- [TASK STATEMENT]: Skip the pictures and restate, word for word, the lines from the one containing "Ballon en forme" to the end of the data below.

- [DATA BLOCK]:
##############################
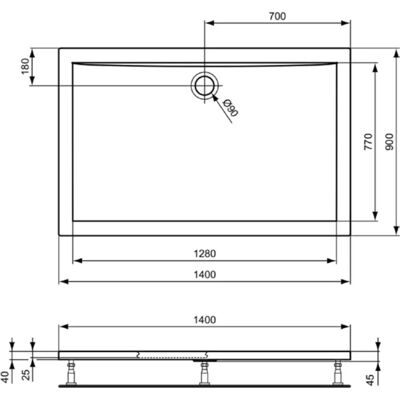 Ideal Standard Ultra Flat Tava de Duș - Acrílico 140x90 - Alb European Ideal Standard Ultra Flat Tava de Duș - Acrílico 140x90 - Alb European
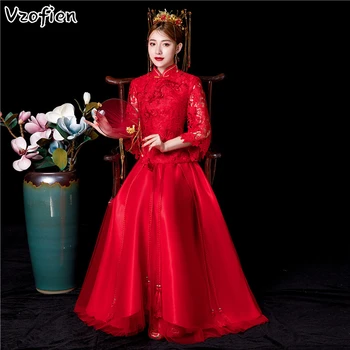 Zarif Tost Giyim Gelin Düğün Parti Cheongsam Eski Çin Tarzı Mandarin Yaka Evlilik Seti Oryantal Cheongsam Elbise 12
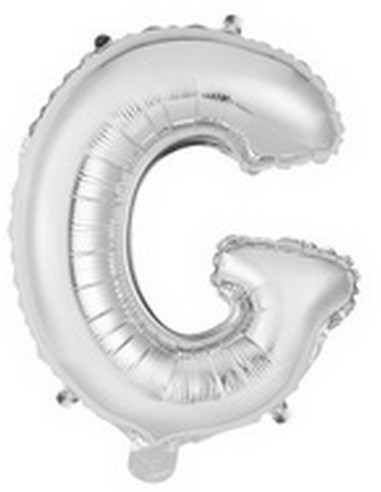 Ballon en forme de lettre G couleur argent pour anniversaire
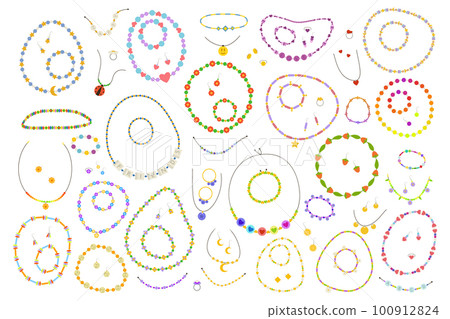 Kids necklace. Hand made groovy child beads bracelet pendant cartoon style. Collection of cartoon drawings of bracelets from colorful beads with letters for children 100912824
##############################
- [ANSWER BOX]:
 Ballon en forme de lettre G couleur argent pour anniversaire
 Kids necklace. Hand made groovy child beads bracelet pendant cartoon style. Collection of cartoon drawings of bracelets from colorful beads with letters for children 100912824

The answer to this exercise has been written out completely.